The impact is that it becomes more difficult to grow AFFO-per-share over time, and don’t forget that when IIPR issues shares, the dividend becomes more costly as well. That can mean the actual cash outlay is actually greater when shares are issued than it would be if the debt were just rolled into a longer maturity. However, this is what management has chosen and it is something to keep in mind if you want to own this stock; you’ll be diluted over time, and you won’t know by how much until it’s already occurred.

Despite this, IIPR’s pace of acquisitions continues to fuel big leaps in revenue year-over-year, and given the strength of the balance sheet, and the highly profitable model IIPR employs, I have little reason to think that will change. The poor performance of the stock this year is a gift to new buyers, and below I’ll detail why I believe that to be the case.

Valuation screams ‘buy’

Let’s begin the valuation discussion by taking a look at price/AFFO, which is below for the past three years.

P/AFFO

TIKR

IIPR’s P/AFFO is down to just 11.8X on a forward basis, which is very near the COVID panic low from two years ago. Keep in mind that in the past two years, IIPR has grown by leaps and bounds, and has proven unequivocally that its model works. It has two more years of expertise and acquisitions under its belt, but trades for nearly the same trough multiple.

I’m not suggesting we see 40X FFO again, but 20X? Absolutely. In a growth-oriented bull market we could even see 25X FFO again without much of a stretch. We’re less than half that today, so the point is the risk on the valuation is very much to the upside.

Given we’re looking at a REIT, price-to-book is a relevant measure, and I like tangible book value because it strips out goodwill and other nonsense and gives us only real assets and liabilities.

P/TBV

TIKR

IIPR’s P/TBV is also very near COVID panic lows at just 1.7X today. The average for this period is near 3X, and just like P/AFFO, we could (and should) see a reversion back to the mean. That would provide for a ~75% upside scenario, similar to the P/AFFO multiple.

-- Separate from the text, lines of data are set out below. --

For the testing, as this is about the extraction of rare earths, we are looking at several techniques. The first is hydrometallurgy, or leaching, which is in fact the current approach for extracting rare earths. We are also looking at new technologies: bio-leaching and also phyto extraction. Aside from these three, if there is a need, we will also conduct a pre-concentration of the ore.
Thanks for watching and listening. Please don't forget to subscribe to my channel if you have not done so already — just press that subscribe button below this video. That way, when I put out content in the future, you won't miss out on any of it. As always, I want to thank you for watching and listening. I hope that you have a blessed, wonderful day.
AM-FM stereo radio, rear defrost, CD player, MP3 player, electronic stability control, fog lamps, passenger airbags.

Finally, one thing I haven’t mentioned is the yield, because for most of IIPR’s time as a publicly-traded company, its yield has been fairly small. However, today the yield is 7.0%, which is almost unbelievable.

Dividend yield

TIKR

This company has raised its dividend over and over again in its relatively short history, and today, you can reap the benefit of that by owning a premier growth stock and get a gigantic yield to boot. I don’t typically base my recommendations off of dividend yield, but it’s difficult to ignore in this case.

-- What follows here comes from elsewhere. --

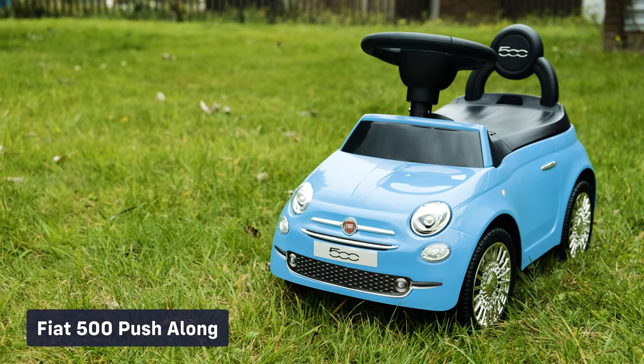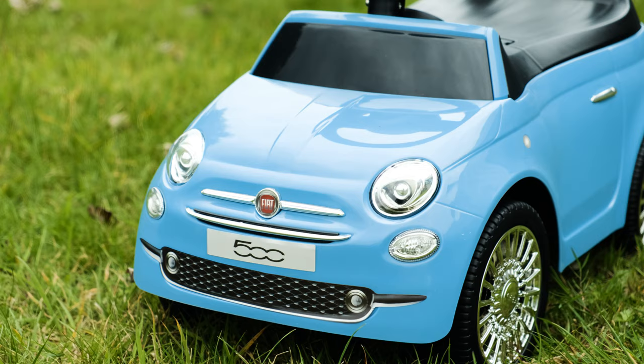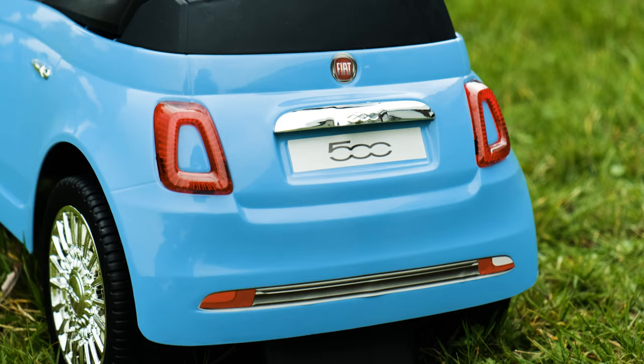Check out the hottest and most anticipated ride-on cars from Riru this year. Check out our licensed Fiat 500 push-along ride-on. Not only does it look great, but it's also fun too. Your little one will find it easy to push along anywhere they like, and it even comes with a working horn.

In addition, as a valuation tool, the dividend, like the others we looked at, is saying very clearly that IIPR is undervalued. The average yield is under 4%, and we’re at 7% today, once again lining up with the other valuation methods to say there’s massive upside potential today.

Final thoughts

IIPR’s business is unique, especially in a sea of also-ran REITs that have extremely similar business models. IIPR has found a niche that is affording it huge growth, with many years of runway remaining. In addition, the growth stock pummeling that has occurred this year has made IIPR far too cheap by any valuation metric you choose.

I see P/AFFO, P/TBV, and the dividend yield all pointing to ~75% upside just from the valuation alone, irrespective of any growth the company can produce. I think the chart is showing early signs of a sustainable bottom as well, meaning we’ve got what is likely to be very near the best value you’ll be able to buy IIPR for years to come.

I’m targeting at run at $200 later this year, which would be ~85% higher than today’s price. While that sounds outlandish today, all we need is a reversion to the mean on the multiples we looked at. Twenty times forward earnings by the end of this year would be $200 ($9.95 X 20), and I see no reason that isn’t achievable. This is a golden opportunity to own what I think is the best REIT this market has to offer at an extreme discount.